The fact that the Obama administration’s response to the long-reported efforts of Putin’s Russia to play a role in the 2016 election was passive and inadequate has long been accepted. But at The Federalist, Margot Cleveland asks a good question: Why? She ties that question to several suggestive comments by Attorney General William Barr.
[T]he attorney general is probing a second scandal of the Obama administration related to the 2016 presidential election. Or it would be regarded as a second scandal if it garnered more attention: Why the Obama administration failed to forcefully respond to intelligence of Russian interference in our elections.
“Bob Mueller did some impressive work in his investigation, you know, identifying some of the Russian hackers and their influence campaign and you sort of wonder if that kind of work had been done starting in 2016, things could have been a lot different,” he said. Crawford replied, “It’s just hard to understand why it wasn’t taken more seriously.” Barr agreed, saying he had no idea why it wasn’t. “That’s one of the things I’m interested in looking at as part of my review of the Russia collusion investigation,” Barr stressed.
This is the key point:
With people warned as early as April 2016, “I’m wondering what, exactly, was the response to it if they were alarmed. Surely the response should have been more than just, you know, dangling a confidential informant in front of a peripheral player in the Trump campaign,” the attorney general told Crawford before she moved to another topic.

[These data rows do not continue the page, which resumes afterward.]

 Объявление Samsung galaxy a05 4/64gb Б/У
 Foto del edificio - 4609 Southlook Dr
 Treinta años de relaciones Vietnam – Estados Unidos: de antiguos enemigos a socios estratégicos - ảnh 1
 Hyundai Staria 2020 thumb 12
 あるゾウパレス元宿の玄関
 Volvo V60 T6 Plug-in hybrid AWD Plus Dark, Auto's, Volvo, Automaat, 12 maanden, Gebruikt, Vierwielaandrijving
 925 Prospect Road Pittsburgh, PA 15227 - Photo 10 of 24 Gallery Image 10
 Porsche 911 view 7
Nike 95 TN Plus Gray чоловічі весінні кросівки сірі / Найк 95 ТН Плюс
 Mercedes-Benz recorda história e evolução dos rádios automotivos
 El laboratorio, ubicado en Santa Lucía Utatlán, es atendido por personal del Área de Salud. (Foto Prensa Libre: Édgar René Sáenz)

Barr’s testimony before the Senate Judiciary Committee highlights one such example: The attorney general confirmed his understanding that the Obama administration had failed to provide Trump a defensive briefing before January 2017, to inform him of “what the Russians were trying to do and [to] advise him to tell people affiliated with his campaign to be on their guard and vigilant about Russians efforts to undermine public confidence in the election.”

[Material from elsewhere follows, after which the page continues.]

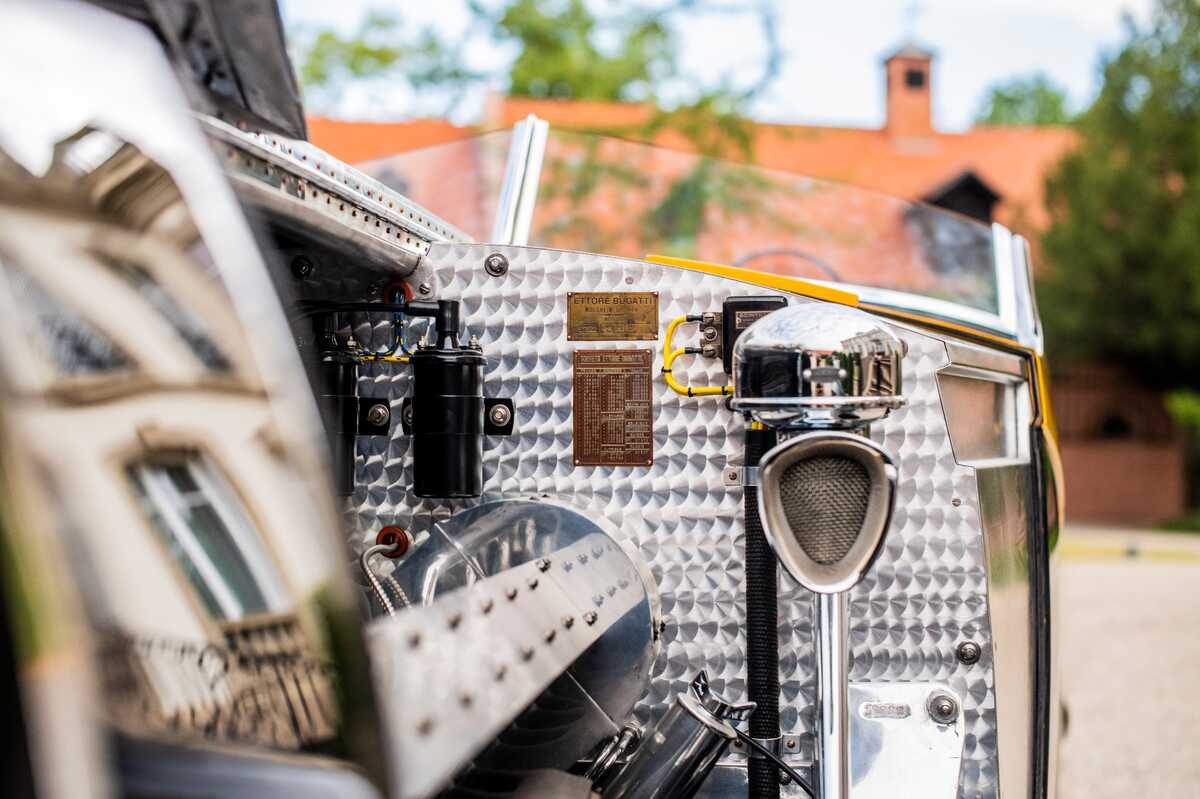 Bugatti Type 57 Grand Raid Usine 1934 em imagem oficial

“I can’t fathom why it did not happen, if you’re concerned about interference in the election,” Barr told the senators. With three former U.S. attorneys involved in the campaign, “I don’t understand why the bureau would not have given a defensive briefing,” the attorney general testified.
There is much more, but you get the drift. Knowing that the Russians were carrying out a clumsy effort to sow dissension in connection with the election, Barack Obama and his minions may have chosen not to try to stop the Russian interference, but rather to rather to set up or frame Donald Trump and his campaign for “colluding” with it. Cleveland concludes:
While most of these examples connect to Spygate and suggest the Obama administration and career DOJ and FBI employees inappropriately targeted the Trump campaign, that is but half the scandal. The corollary consists of the Obama administration’s reckless handling of Russia’s interference in the 2016 election and its decision to prioritize a sting of the Trump campaign over fighting foreign influence on the electorate.
I have thought there was no way the Russiagate scandal could get much worse, but now I suspect I was wrong. Another question occurs to me: reportedly, Hillary and her campaign advisers decided as early as the day after the election to blame her loss on Russian “meddling.” Did Hillary know that the Obama administration had laid the groundwork to set up the Trump campaign as complicit in the Russians’ dirty tricks? After all, she paid for the Steele dossier. It would have taken very little to clue her in to the fact that Obama administration minions, whom she probably knew well by virtue of her time as Secretary of State, had been spying on the Trump campaign with a view toward either trying to assure her victory, or disabling the incoming Trump administration in the unlikely event that he might win.